Master of Science (MS)


Earth System Science & Policy

First Advisor

Dr. Xiaodong Zhang


Wet weather cycle since 1993 has brought ground water level closer to the surface of the soil in many areas in the Red River Valley (RRV) of the North basin. Many farmers have to delay spring plantation or autumn harvest due to excessive moisture in', their farmland. In such case, it becomes increasingly important to have timely and accurate information on the soil moisture conditions. Conventional soil moisture measurement techniques are point-based that results in poor spatial representation of soil moisture. Remote sensing techniques offer many potential advantages over traditional means such as repetitive coverage and areal representation. The objective of this study was to develop a remote sensing algorithm to be used by Landsat 5 TM and Aerocam to map surface soil moisture during the early stage of growing season in the RRV of the North basin.

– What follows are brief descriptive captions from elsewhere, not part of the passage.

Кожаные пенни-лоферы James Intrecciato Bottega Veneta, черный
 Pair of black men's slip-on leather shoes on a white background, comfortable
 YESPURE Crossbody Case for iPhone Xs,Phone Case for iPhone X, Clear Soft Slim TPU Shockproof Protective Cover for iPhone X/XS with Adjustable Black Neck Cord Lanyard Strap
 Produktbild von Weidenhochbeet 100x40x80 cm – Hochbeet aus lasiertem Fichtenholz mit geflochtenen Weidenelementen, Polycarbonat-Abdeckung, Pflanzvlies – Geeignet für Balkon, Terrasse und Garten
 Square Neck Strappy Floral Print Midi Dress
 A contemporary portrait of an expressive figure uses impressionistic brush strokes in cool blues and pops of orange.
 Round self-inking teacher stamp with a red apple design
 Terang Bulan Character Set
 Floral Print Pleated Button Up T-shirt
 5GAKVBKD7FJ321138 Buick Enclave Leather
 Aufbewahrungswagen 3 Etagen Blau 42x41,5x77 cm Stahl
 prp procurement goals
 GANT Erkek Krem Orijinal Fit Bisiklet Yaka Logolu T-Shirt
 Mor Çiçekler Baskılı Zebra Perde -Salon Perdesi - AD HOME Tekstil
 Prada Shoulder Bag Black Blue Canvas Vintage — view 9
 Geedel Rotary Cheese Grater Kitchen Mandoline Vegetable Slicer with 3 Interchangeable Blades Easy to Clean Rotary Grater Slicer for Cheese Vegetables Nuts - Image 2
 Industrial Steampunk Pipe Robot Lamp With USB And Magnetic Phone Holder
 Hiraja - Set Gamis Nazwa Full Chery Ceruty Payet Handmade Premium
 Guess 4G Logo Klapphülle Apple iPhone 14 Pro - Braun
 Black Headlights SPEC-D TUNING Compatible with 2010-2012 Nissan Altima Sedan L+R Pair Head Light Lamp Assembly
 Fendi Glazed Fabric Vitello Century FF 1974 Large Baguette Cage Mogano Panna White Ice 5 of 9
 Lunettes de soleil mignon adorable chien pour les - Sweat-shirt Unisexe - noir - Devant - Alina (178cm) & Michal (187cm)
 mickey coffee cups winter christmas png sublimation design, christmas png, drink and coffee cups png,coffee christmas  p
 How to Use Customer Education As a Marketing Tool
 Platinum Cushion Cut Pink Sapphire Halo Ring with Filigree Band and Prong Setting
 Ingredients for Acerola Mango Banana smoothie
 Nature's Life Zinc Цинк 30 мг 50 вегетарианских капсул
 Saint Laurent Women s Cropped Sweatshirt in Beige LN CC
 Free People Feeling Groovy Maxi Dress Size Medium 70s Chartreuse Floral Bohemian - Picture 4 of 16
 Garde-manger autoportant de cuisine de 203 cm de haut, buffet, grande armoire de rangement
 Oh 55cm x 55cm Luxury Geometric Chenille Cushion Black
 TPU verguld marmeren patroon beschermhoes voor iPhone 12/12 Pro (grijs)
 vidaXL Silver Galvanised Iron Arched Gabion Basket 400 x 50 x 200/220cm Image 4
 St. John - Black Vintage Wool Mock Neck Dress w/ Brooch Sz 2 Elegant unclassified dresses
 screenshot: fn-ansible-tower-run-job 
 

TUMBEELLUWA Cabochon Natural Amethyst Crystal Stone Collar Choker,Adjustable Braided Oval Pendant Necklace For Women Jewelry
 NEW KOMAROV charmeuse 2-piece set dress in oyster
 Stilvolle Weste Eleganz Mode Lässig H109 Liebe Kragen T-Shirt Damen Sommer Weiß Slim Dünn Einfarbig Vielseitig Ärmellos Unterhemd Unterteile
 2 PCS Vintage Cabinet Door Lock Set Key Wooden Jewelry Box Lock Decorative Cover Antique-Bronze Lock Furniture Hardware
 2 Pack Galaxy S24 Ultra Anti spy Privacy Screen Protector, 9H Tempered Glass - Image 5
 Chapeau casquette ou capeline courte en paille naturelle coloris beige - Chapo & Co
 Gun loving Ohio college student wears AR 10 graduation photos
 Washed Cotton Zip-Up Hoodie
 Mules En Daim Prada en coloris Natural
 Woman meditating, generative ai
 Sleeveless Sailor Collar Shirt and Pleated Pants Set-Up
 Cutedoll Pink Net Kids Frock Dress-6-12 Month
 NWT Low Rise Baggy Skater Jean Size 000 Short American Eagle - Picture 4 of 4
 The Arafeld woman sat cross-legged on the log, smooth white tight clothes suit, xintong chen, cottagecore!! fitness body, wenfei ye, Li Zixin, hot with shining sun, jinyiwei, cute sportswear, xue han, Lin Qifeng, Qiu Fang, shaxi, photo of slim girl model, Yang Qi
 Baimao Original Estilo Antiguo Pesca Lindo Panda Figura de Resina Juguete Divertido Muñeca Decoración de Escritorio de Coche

Soil samples were collected and hyperspectral reflectances of the soil at various moisture levels were recorded under laboratory conditions. The first two experiments were carried out with Halogen lamps as the source of light whereas the third experiment was performed outdoor. Landsat 5 TM and Aerocam spectral response function were applied to the measured hyperspectral values to simulate the multispectral reflectance for each sensor. The results from these three experiments were consistent to each other and therefore were binned together. By using simple mathematical computations, band or band combinations that best estimates the surface soil moisture was found out. For validation, soil moisture was measured in different agricultural fields in the RR V during the time of Landsat overpass, and soil moisture was continuously monitored in a farm field in Fairmount, Richland County, North Dakota.

The difference of bands 5 and 1 was shown to correlate best with soil moisture concentration while the NIR band itself is the best for Aerocam. The estimated soil moisture using Landsat 5 TM agreed with the measurements with an R2= 0.90. The model performed well in dry or moderately wet conditions, but slightly underestimated by 3-4% for excessively wet conditions of more than 40% soil moisture in the field. The evaluation at the Fairmount experimental field also showed that the model performed well. Field verification for Aerocam imagery remained incomplete due to lack of irradiance value.